Data supplied —

★ ★ ★

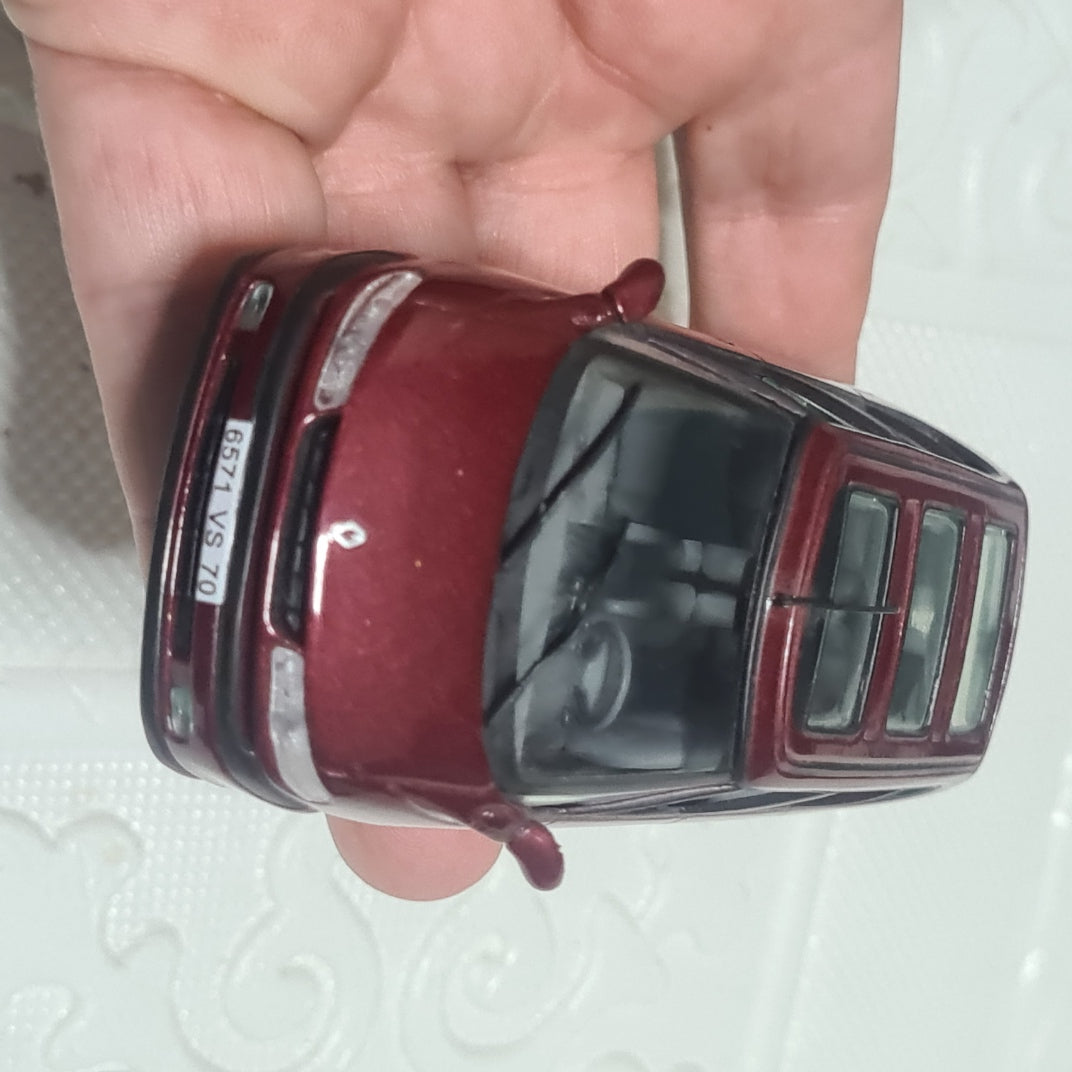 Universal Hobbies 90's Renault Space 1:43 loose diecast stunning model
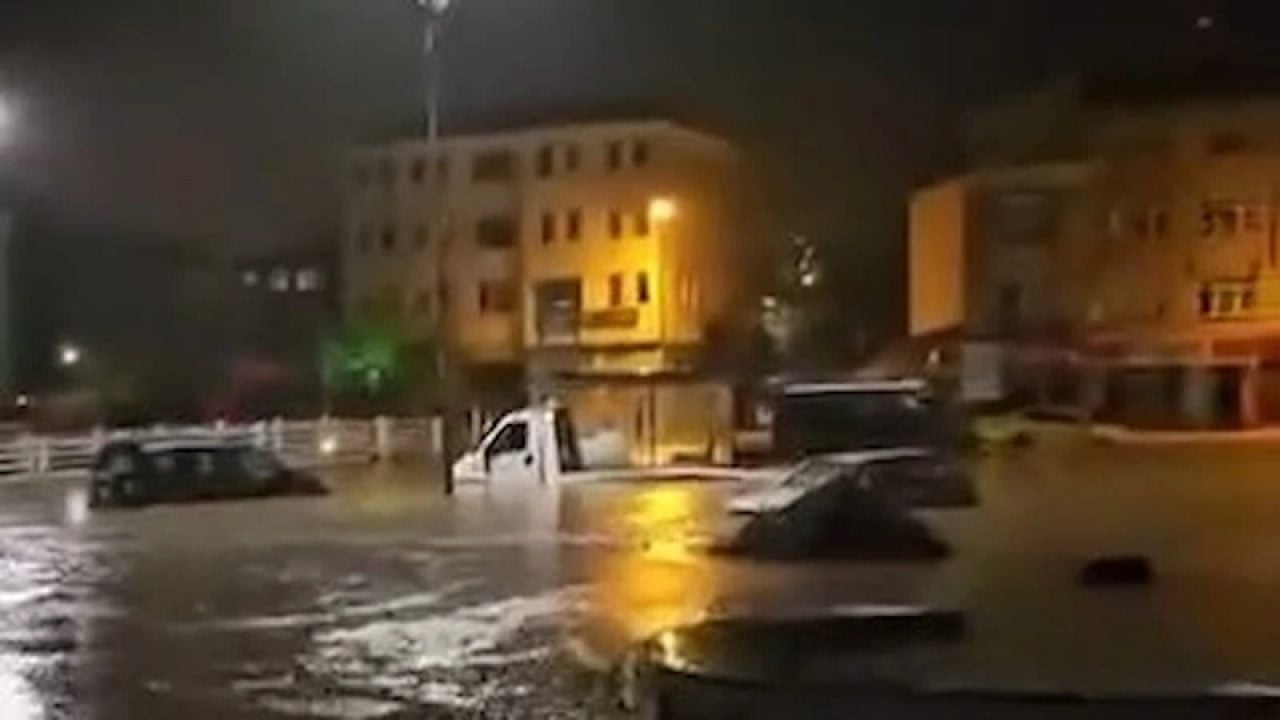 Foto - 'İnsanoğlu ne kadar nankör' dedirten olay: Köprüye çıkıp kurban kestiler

★ ★ ★

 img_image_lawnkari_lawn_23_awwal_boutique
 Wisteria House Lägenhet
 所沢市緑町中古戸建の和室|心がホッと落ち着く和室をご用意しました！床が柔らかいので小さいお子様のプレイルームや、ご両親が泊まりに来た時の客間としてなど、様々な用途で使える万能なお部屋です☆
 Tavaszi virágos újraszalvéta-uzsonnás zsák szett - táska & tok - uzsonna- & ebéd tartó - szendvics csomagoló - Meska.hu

★ ★ ★

Problem —
From the material above, give again exactly the lines from the one that contains "Universal Hobbies 90's" through the one that contains "Foto - 'İnsanoğlu", and leave out the pictures.

Solution —
 Universal Hobbies 90's Renault Space 1:43 loose diecast stunning model
 Foto - 'İnsanoğlu ne kadar nankör' dedirten olay: Köprüye çıkıp kurban kestiler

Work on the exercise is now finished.